• _Exercise description_:
For the entries below, copy exactly the line that contains "پهباد 4kDUAL CAMERA DRONE" through the line that contains "Sala de apartamento", both ends included, and exclude all pictures.

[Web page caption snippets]
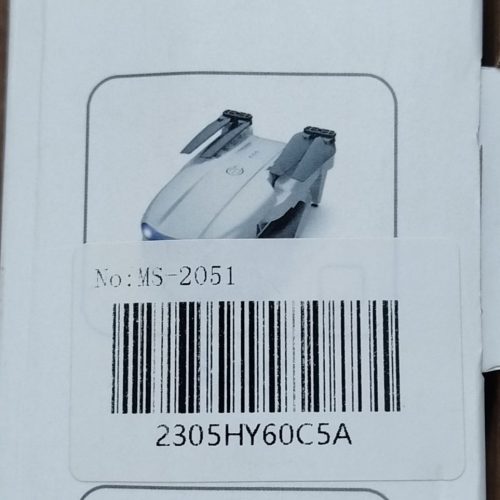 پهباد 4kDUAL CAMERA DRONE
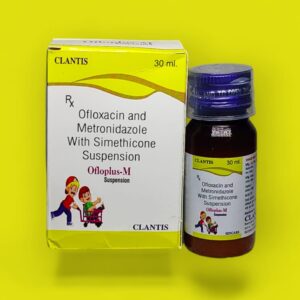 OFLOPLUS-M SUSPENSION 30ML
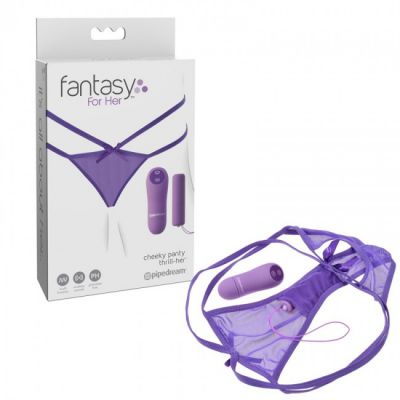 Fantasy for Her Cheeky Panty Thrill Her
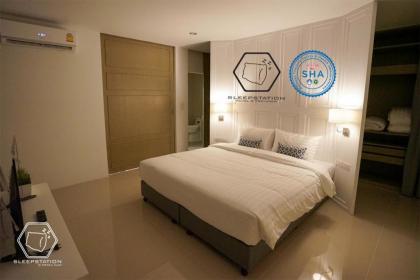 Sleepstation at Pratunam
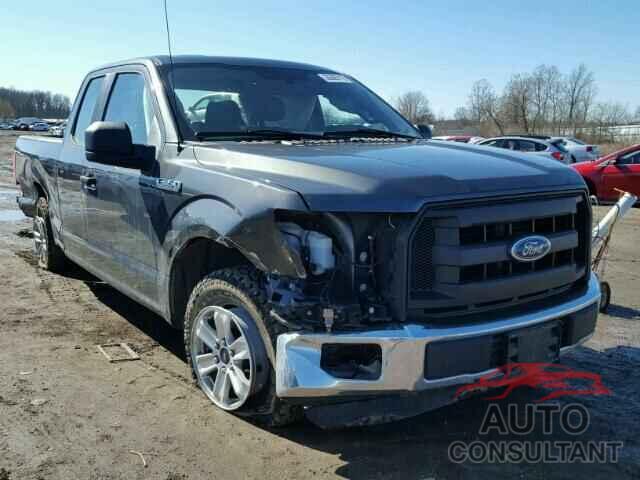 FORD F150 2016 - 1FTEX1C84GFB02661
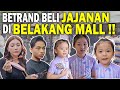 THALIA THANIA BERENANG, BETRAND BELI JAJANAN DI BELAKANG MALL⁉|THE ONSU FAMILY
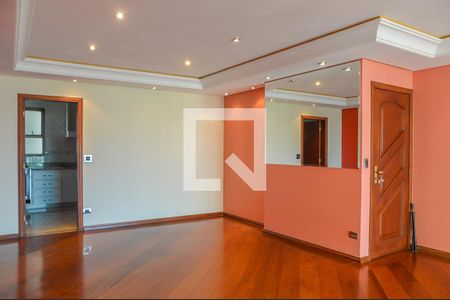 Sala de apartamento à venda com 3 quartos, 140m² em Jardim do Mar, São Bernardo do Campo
* * *
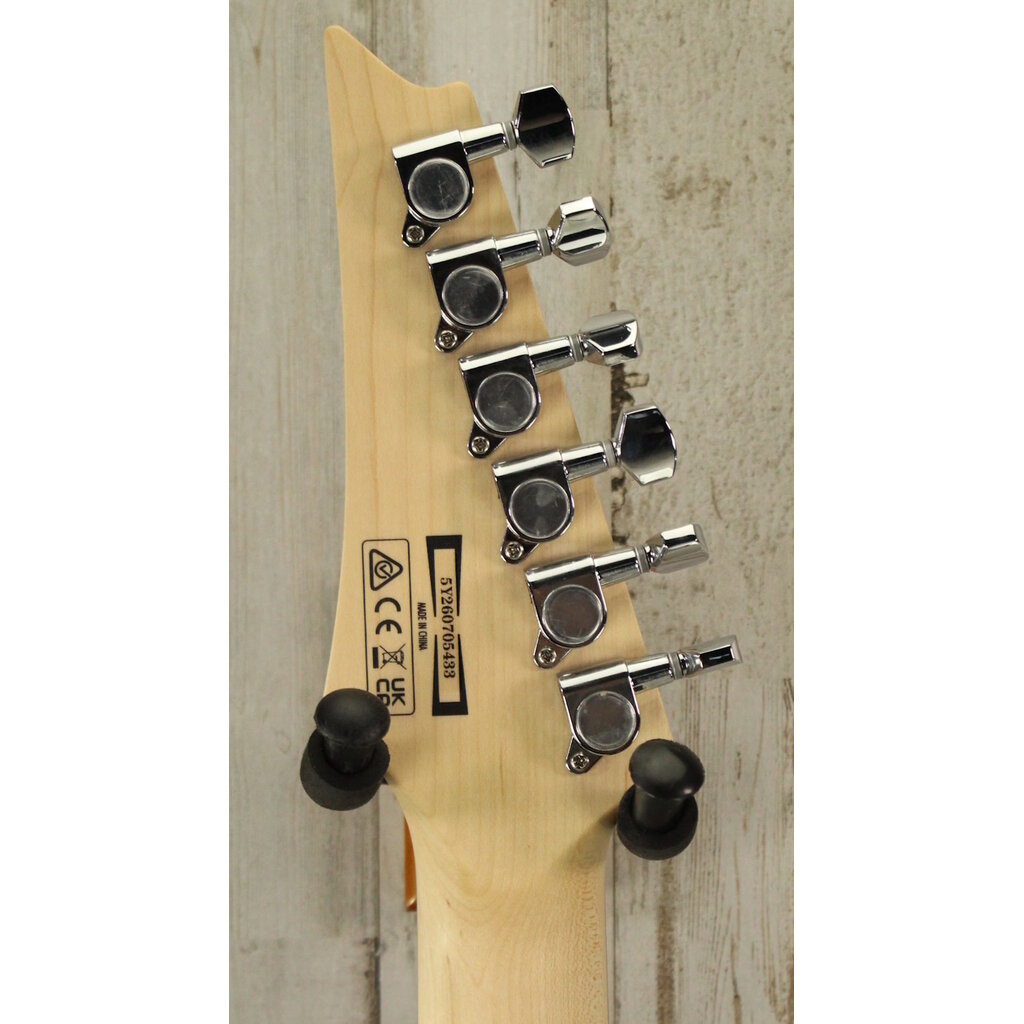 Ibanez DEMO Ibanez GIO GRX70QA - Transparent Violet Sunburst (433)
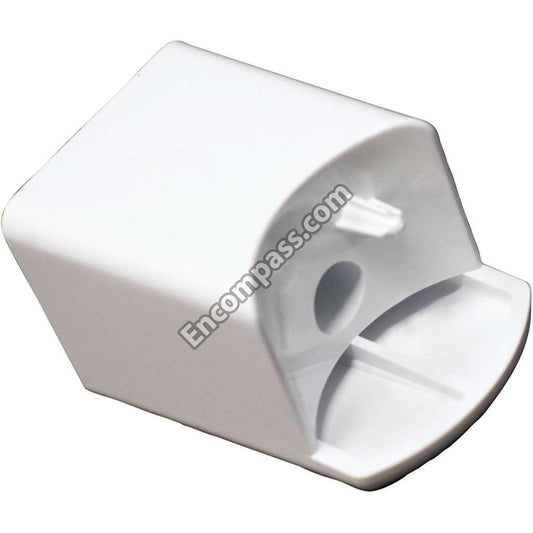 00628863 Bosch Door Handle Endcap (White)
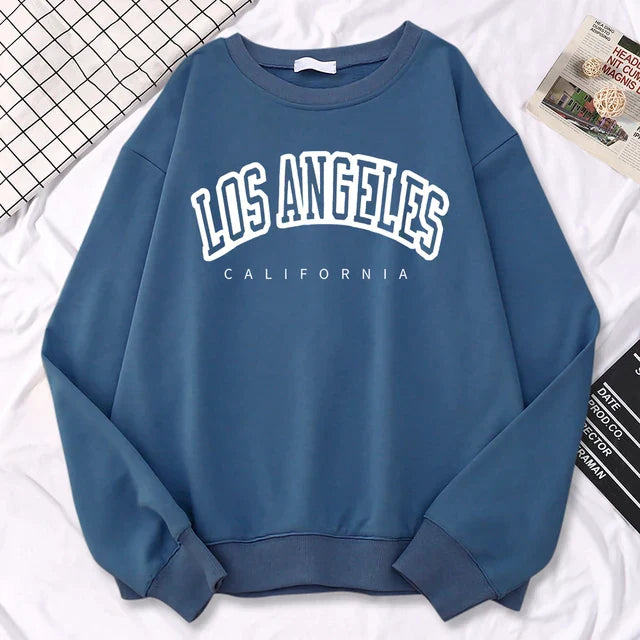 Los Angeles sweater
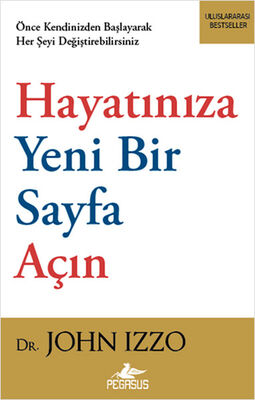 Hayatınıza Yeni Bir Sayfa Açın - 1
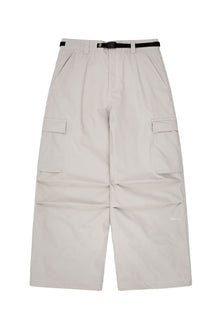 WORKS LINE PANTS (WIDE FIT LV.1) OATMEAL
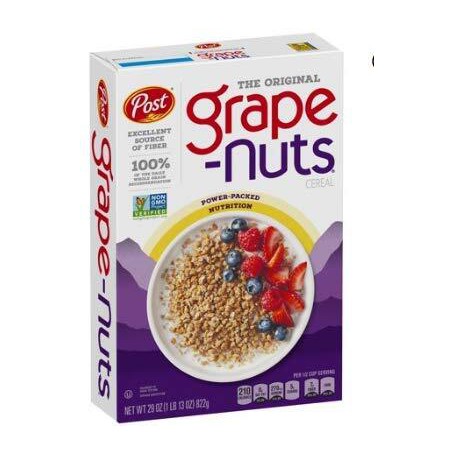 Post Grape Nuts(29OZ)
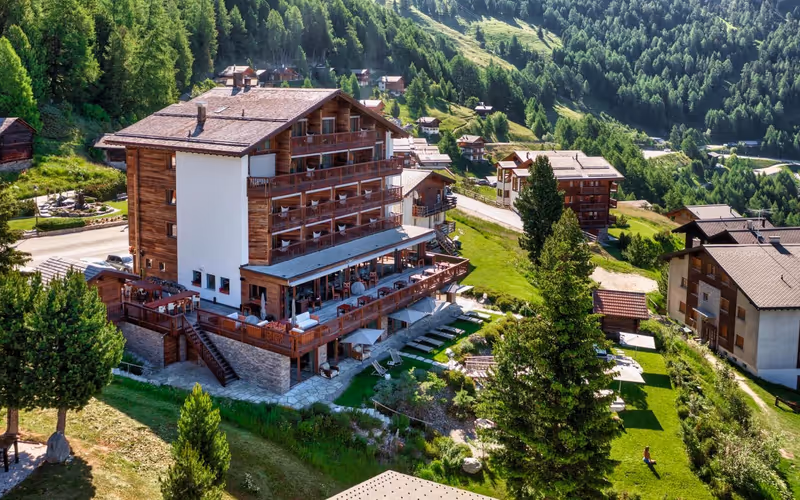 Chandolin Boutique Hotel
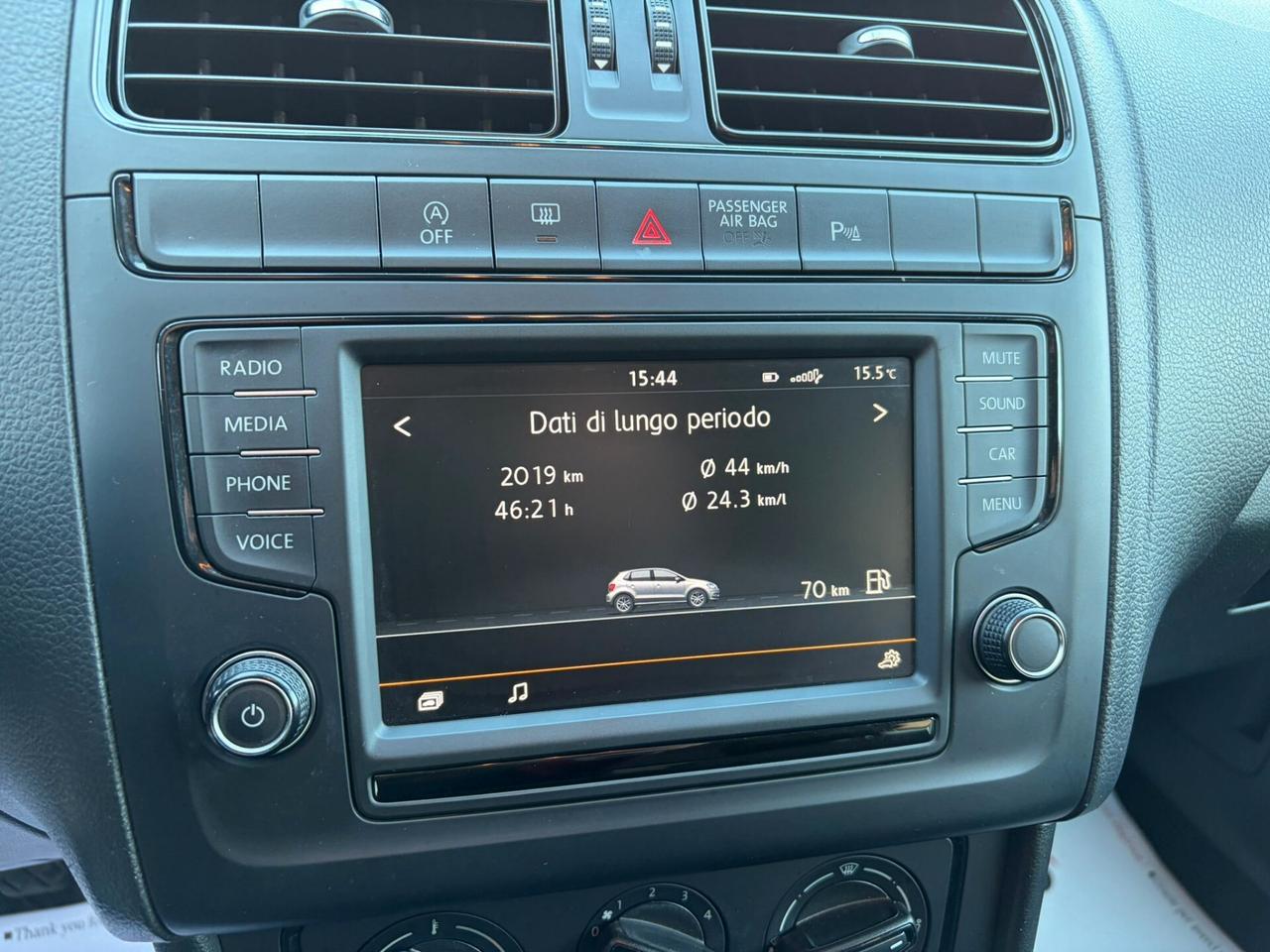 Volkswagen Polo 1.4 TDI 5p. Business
...
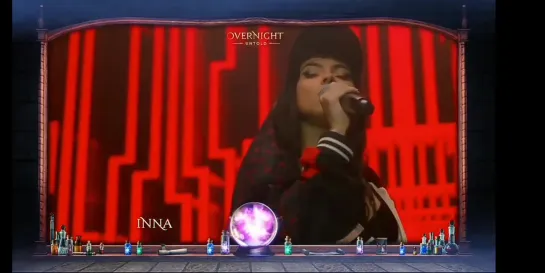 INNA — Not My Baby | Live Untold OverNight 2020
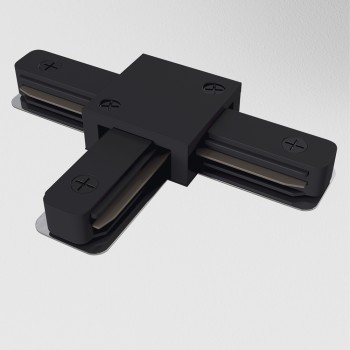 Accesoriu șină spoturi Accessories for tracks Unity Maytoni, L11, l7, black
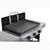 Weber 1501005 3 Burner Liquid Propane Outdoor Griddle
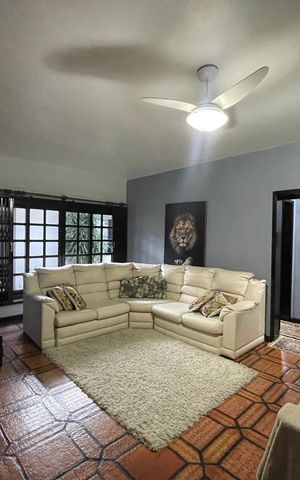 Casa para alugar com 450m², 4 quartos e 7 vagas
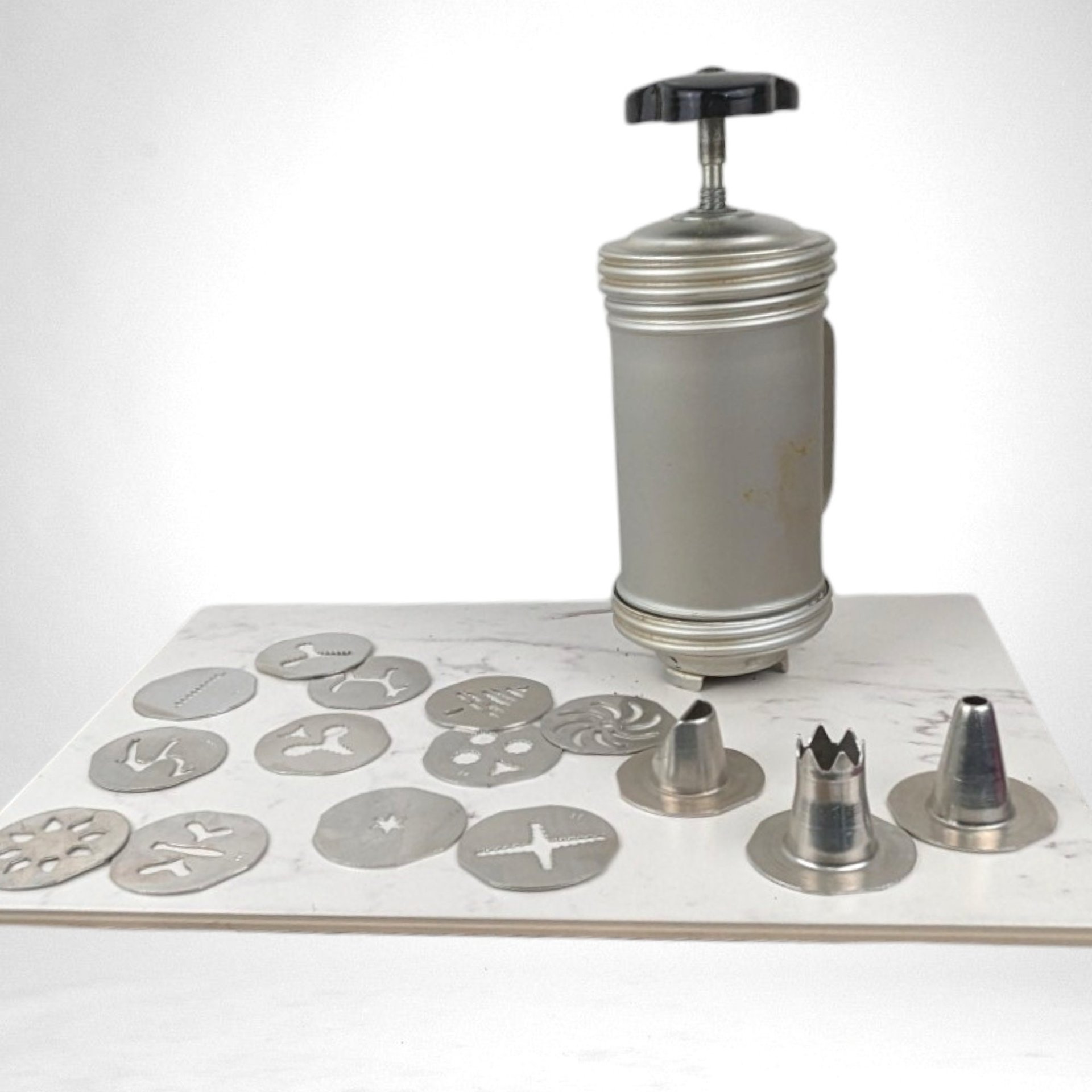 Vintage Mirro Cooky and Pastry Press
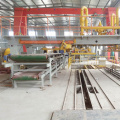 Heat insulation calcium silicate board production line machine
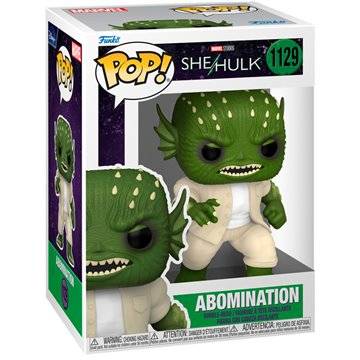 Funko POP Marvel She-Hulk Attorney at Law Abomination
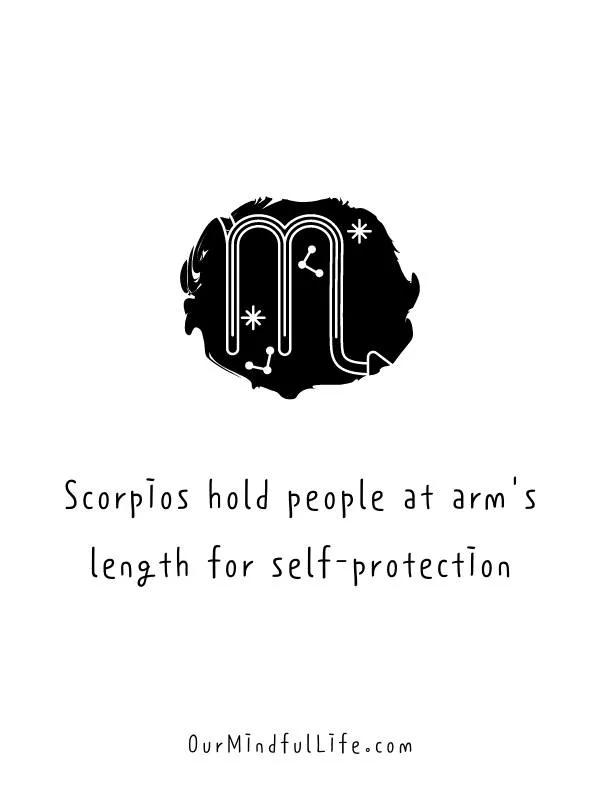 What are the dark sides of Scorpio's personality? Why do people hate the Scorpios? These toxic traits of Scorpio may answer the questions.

• _Output below_:
 پهباد 4kDUAL CAMERA DRONE
 OFLOPLUS-M SUSPENSION 30ML
 Fantasy for Her Cheeky Panty Thrill Her
 Sleepstation at Pratunam
 FORD F150 2016 - 1FTEX1C84GFB02661
 THALIA THANIA BERENANG, BETRAND BELI JAJANAN DI BELAKANG MALL⁉|THE ONSU FAMILY
 Sala de apartamento à venda com 3 quartos, 140m² em Jardim do Mar, São Bernardo do Campo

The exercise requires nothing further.